Effects of EZA on mitochondrial transmembrane potential in otic neuromasts (A) and Ca²⁺ concentration in larvae (C), and relief of EZA toxicity by Ca²⁺ (B). (A) The mitochondrial transmembrane potential of otic neuromast cells in larvae (3 dpf) treated with 80 ppb EZA for 3 days was assessed by tetramethylrhodamine ethyl ester (TMRE) staining assay. (B) Zebrafish larvae (3 dpf) were treated with 80 ppb EZA in high calcium medium, and the number of hair cells in otic neuromasts was compared to that in the control and with EZA only. The levels are expressed as percentages of the control. The data are means ± SD (n = 3). Asterisks indicate significant differences from EZA (ANOVA followed by Dunnet’s test: **p < 0.01). (C) The calcium levels in 3-dpf larvae treated with EZA. The data are means ± SD (n = 3). Asterisks indicate significant differences from the control (ANOVA followed by Dunnet’s test: **p < 0.01).

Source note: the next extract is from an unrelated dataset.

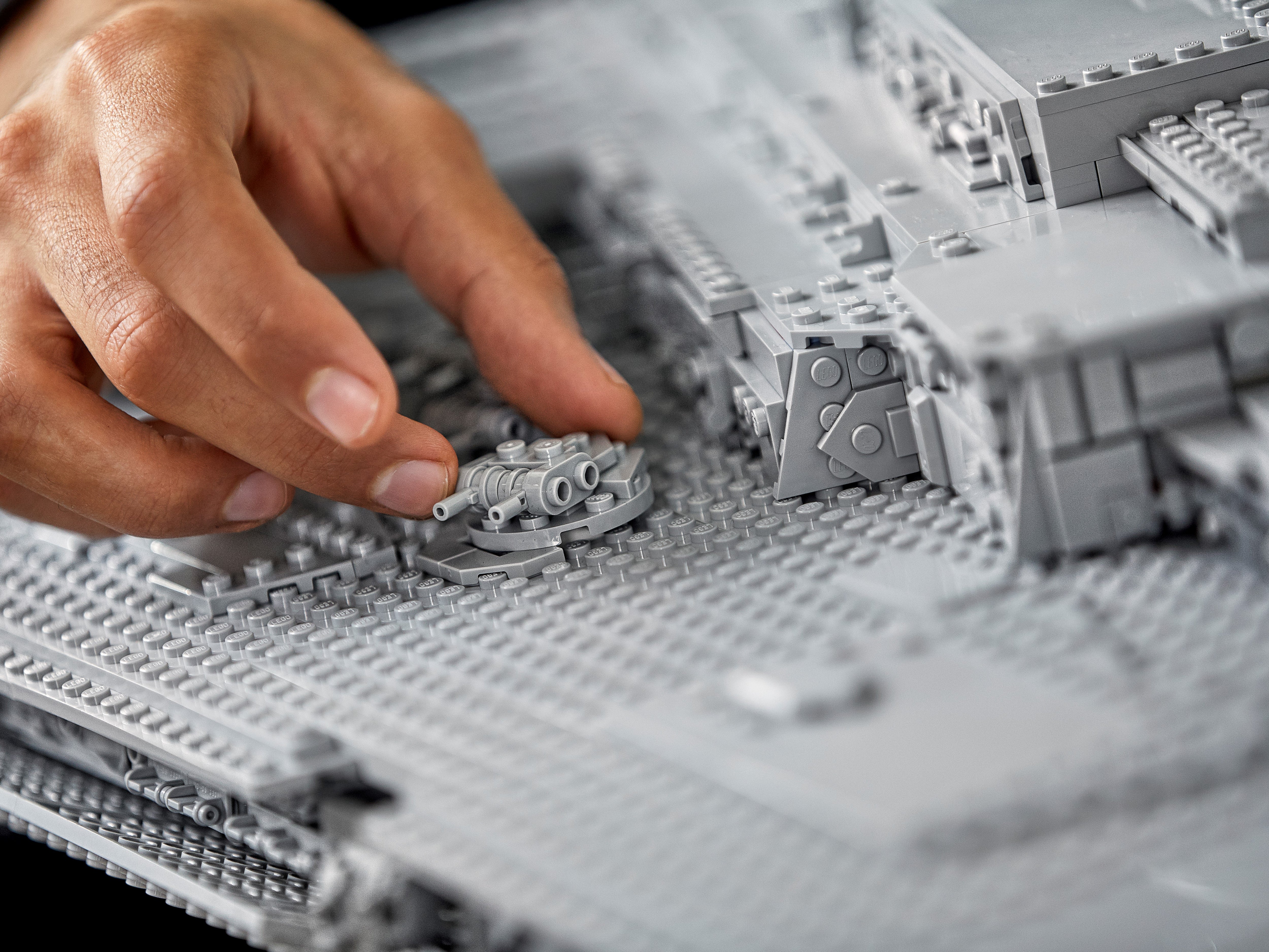 Imperial Star Destroyer - Image 17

Relief of EZA toxicity toward otic hair cells by anti-oxidants. Zebrafish larvae (3 dpf) were co-treated with 80 ppb EZA and glutathione (GSH), allopurinol (ALO), or D-methionine (MET) as anti-oxidants, or buthionine sulfoximine (BSO), an inhibitor of GSH synthesis, as a pro-oxidant, and then hair cells in otic neuromasts were visualized with YO-PRO-1 (A) and counted (B). The bars represent means ± SD (n = 3). Asterisks or daggers indicate significant differences from the control or EZA (Student’s t-test, *p < 0.05 vs control, †p < 0.05 vs EZA, ††p < 0.01 vs EZA).

Effect of EZA on otic neuromast cell proliferation and apoptotic cells in otic vesicle. (A) Repression of progression to the S-phase of the cell cycle by EZA. DNA-replicating cells were labeled with BrdU. (B) Apoptosis of cells in the otic vesicle. Apoptotic cells were detected by Acridine orange/Ethidium bromide, and were counted and plotted as mean ± SD (n = 3). Asterisks indicate significant differences from the control (ANOVA followed by Dunnet’s test: **p < 0.01).

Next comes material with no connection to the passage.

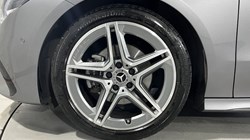 2023 (73) MERCEDES-BENZ CLA 180 AMG Line Executive 4dr Tip Auto 5153616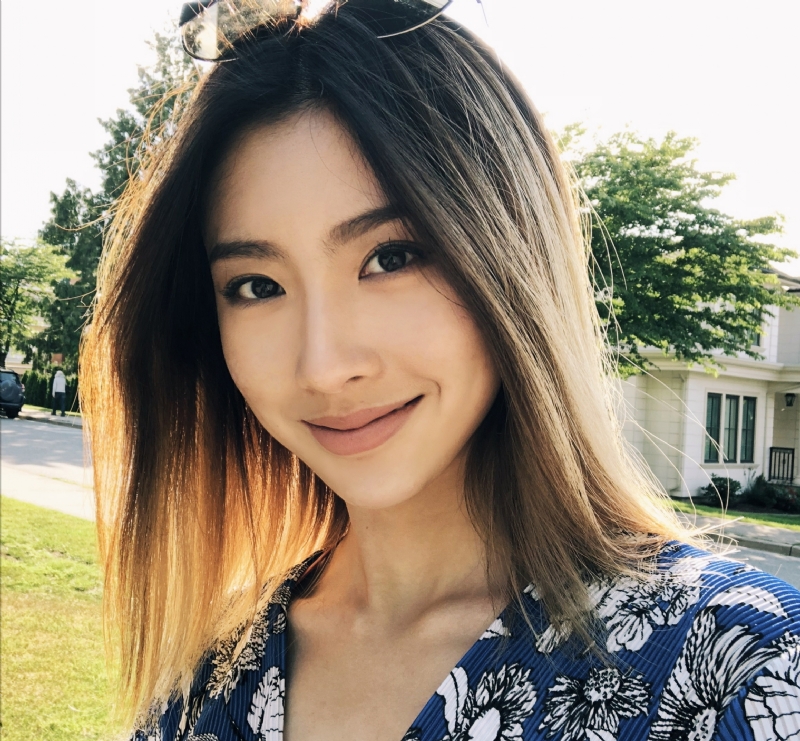 蘇悅的第二张照片--福清交友网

Effects of EZA treatment on expression of genes for the apoptotic pathway (A) and caspase activities (B). The otic mRNA expression levels of some markers for the apoptotic pathway (A) and caspase activities (B) in inner ears isolated from EZA-treated zebrafish larvae (3 dpf) were determined. The EZA treatment was performed at 80 ppb for 3 days. The mRNA levels were measured by quantitative real-time PCR using the comparative Ct method. β-Actin was used as an internal control for normalization. The bars represent means ± SD (n = 3) (Student’s t-test, *p < 0.05, **p < 0.01).

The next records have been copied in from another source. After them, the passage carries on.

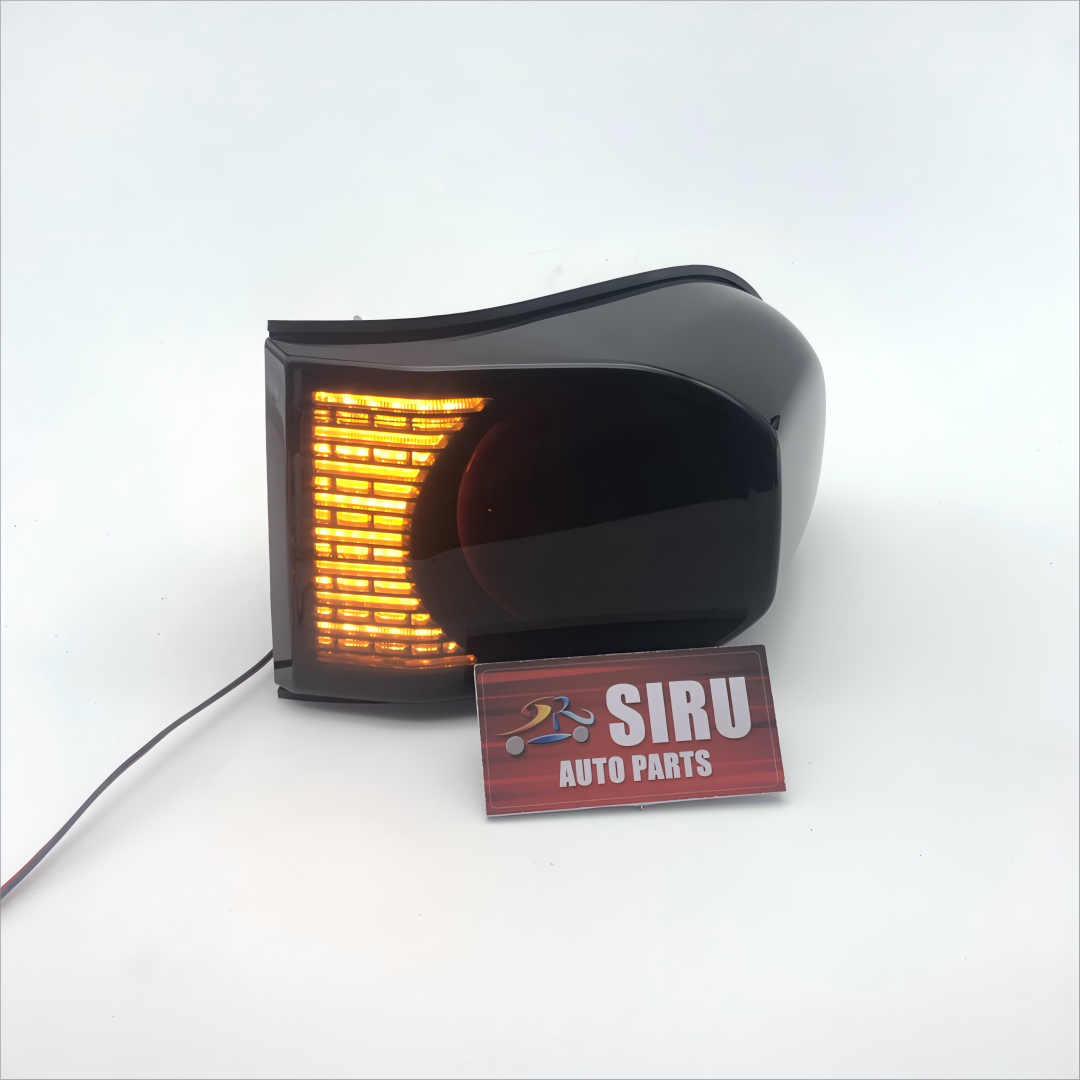 Modified Tail Lamps For FJ Curiser Wholesale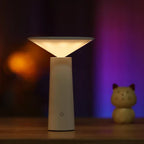 LED Desk Lamp Adjustable Minimalist Design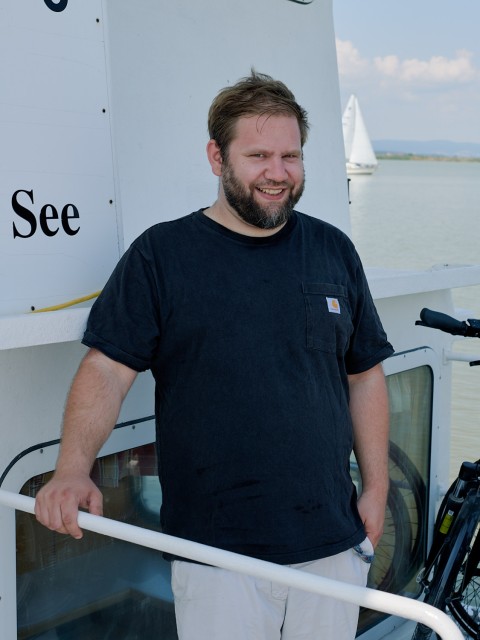 Foto von Benjamin Bauer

Relief of EZA toxicity toward otic hair cells by apoptotic inhibitors. Zebrafish larvae (3 dpf) were treated with Bay 11-7085 (Bay) or SN-50 as NF-κB inhibitors, or Bax inhibitor (Bax-i), or PIF-α as a p53 inhibitor, in the presence of EZA at 80 ppb for 3 days, and then hair cells in otic neuromasts were visualized with YO-PRO-1 (A) and counted (B). The bars represent means ± SD (n = 3). Asterisks or daggers indicate significant differences from the control or EZA (Student’s t-test, *p < 0.05 vs control, †p < 0.05 vs EZA, ††p < 0.01 vs EZA).